• _Assignment_: Find "10517 Oates Branch" in the entries below; copy that line through the last, exactly, with no pictures.

-- Given records follows --

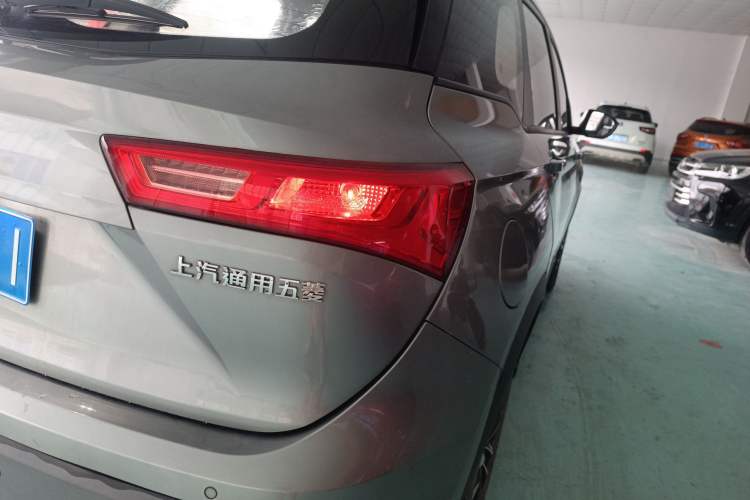Used Baojun 530 2021 Global Car Anniversary Edition 1.5T CVT Luxury Model 7 Seats Right Rear Taillight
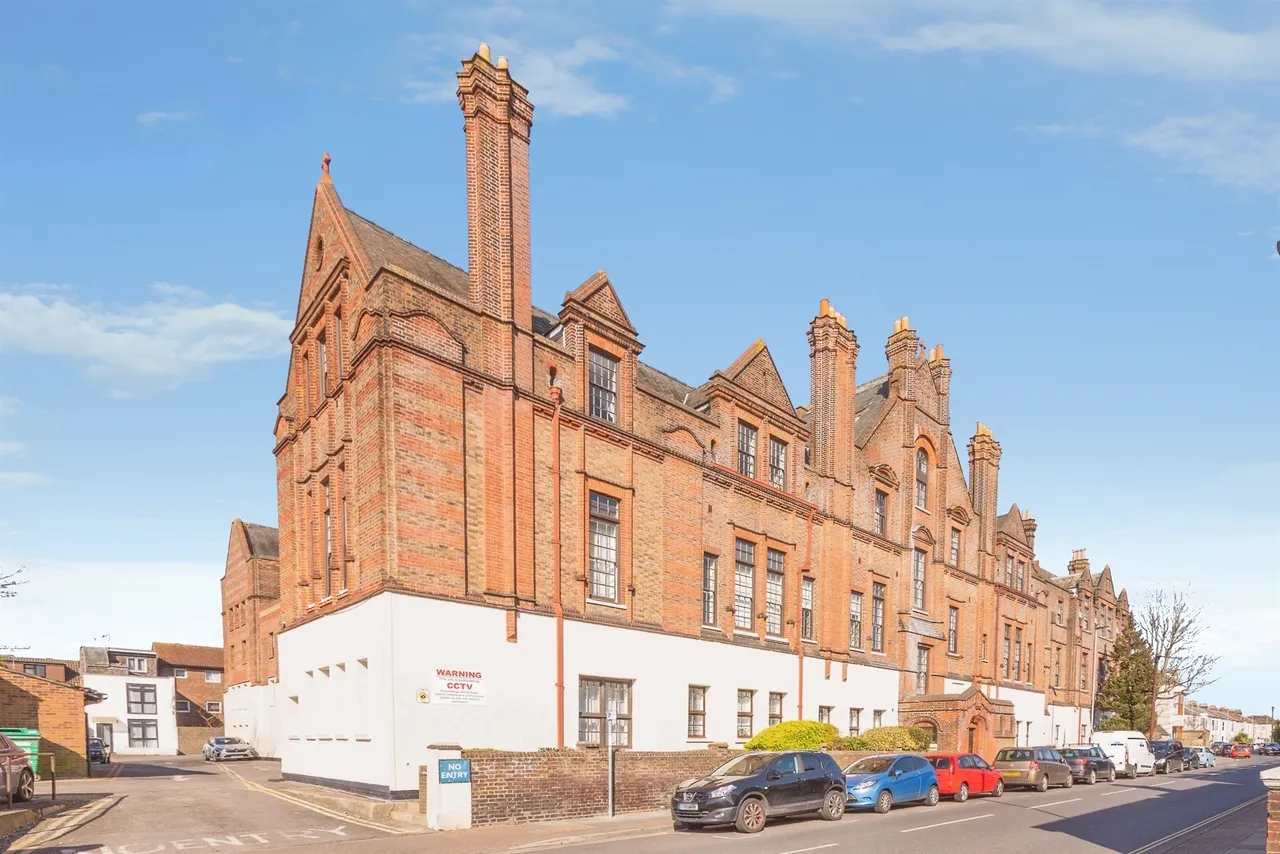 Lawrence Road, Southsea, PO5, photo 4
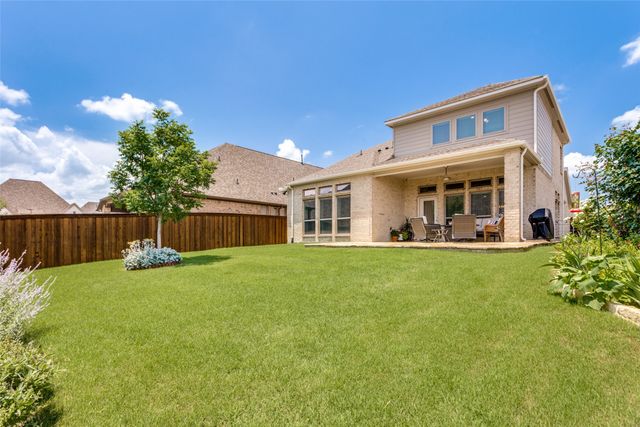 10517 Oates Branch Lane, Fort Worth, TX 76126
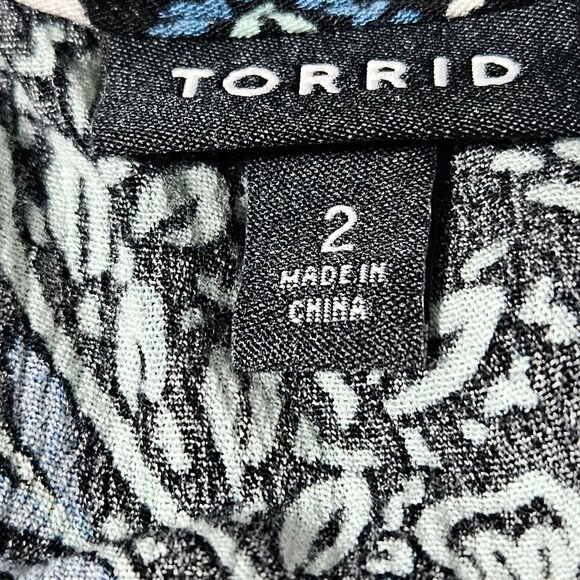 Torrid Floral Print Boho Tunic Top Womens Size 2X Black Blue Crochet Trim - Picture 4 of 4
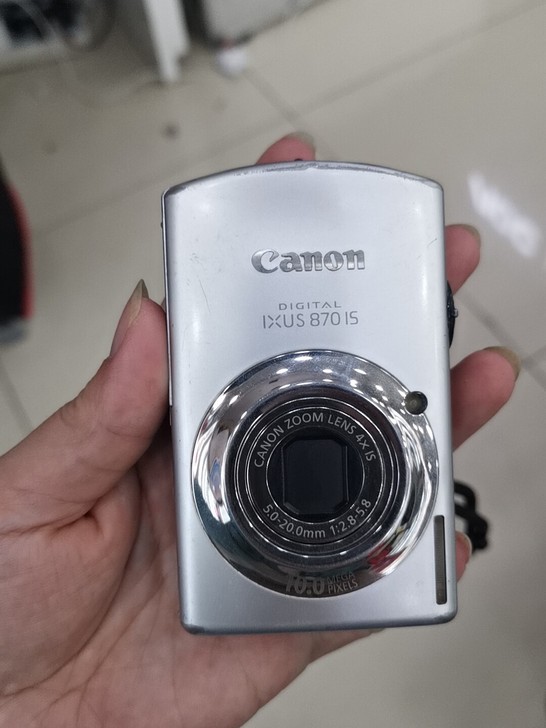 佳能卡片机870IXUS 带电池2GSD卡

-- Given records concluded --

• _Task result_:
 10517 Oates Branch Lane, Fort Worth, TX 76126
 Torrid Floral Print Boho Tunic Top Womens Size 2X Black Blue Crochet Trim - Picture 4 of 4
 佳能卡片机870IXUS 带电池2GSD卡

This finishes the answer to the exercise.